The sugary sweet sweater girls of the fifties were the starting point for Pringle's spring 13 collection. Olivia Palermo - who is herself a dose of saccharine sweetness – was lavish in her praise of the Scottish knitwear brand, telling us, ‘I rely on Pringle so much for my day to day wardrobe, and these new pieces, because they draw on elements from the fifties and sixties, are perfect for the way that I like to dress.’

The pieces will slot easily into many wardrobes, the collection having been conceived not for its mood or direction, but under three simple headings: colour, embellishment and knitwear incorporated into other items of clothing. If it sounds a little lacking in focus, it should be pointed out that since Alistair Carr left Pringle in April, the design of the label has been left to a team of five different designers, with the CEO of the company Jean Fang providing the direction.

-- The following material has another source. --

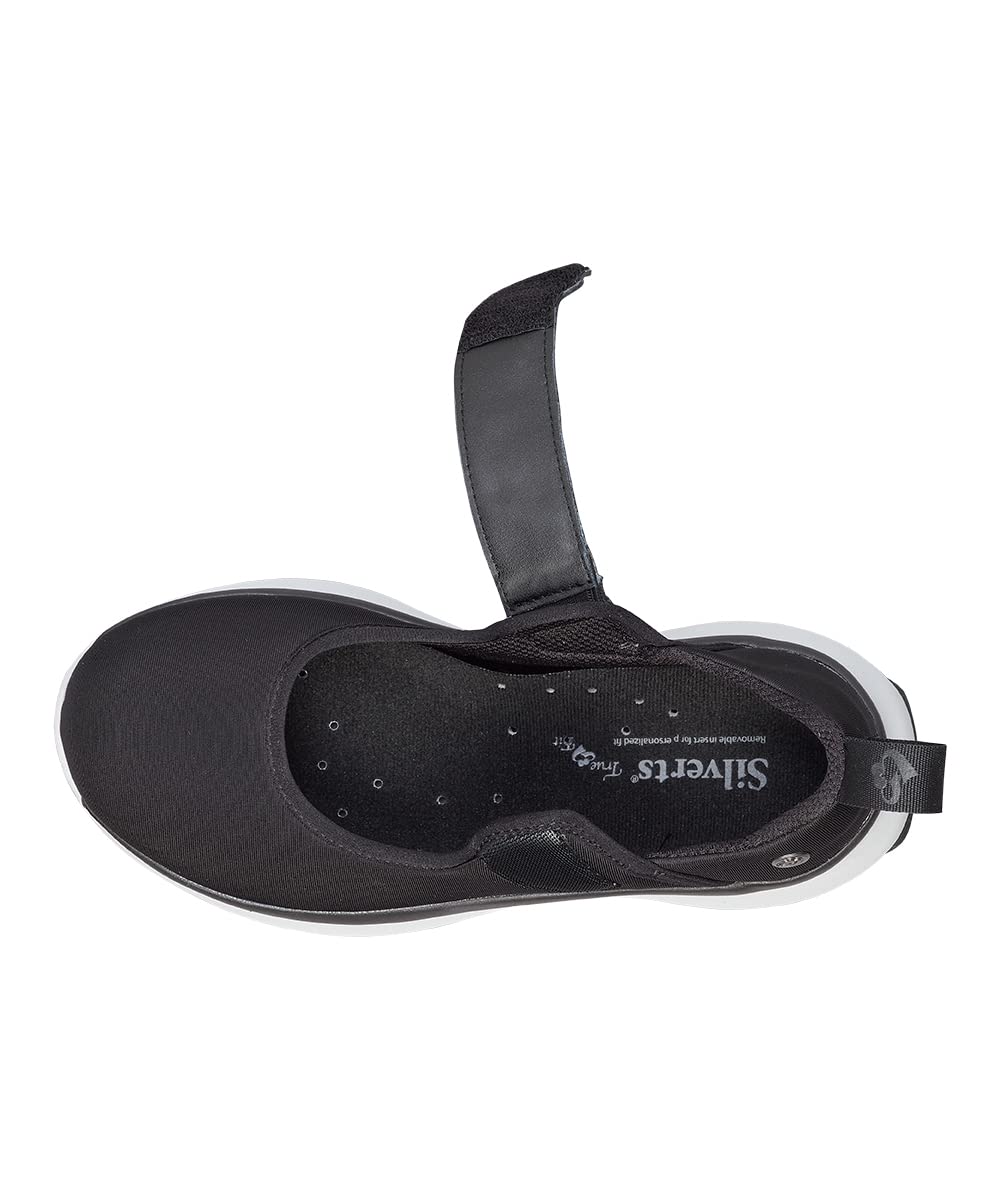Silvert's Adaptive Clothing & Footwear Women’s Extra Wide Mary Jane Walking Shoes with Easy Touch - Black 8.5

‘We did a lot of soul searching into the DNA of Pringle and what it is really about,’ she explained, ‘and we went back to the fundamental point that it's about knitwear. So we have worked with different weaves, colours and forms of embellishment to focus on the brand’s original intentions.’

The colours ranged from sugar-almond pastels to bold brights, and there were some promising pieces such as a boxy navy jacket with knitted sleeves that certainly achieved the aim of incorporating knitwear into woven items.

It was a fine offering from a brand that lacks a creative head, but let’s hope next season it weaves together just a little bit tighter.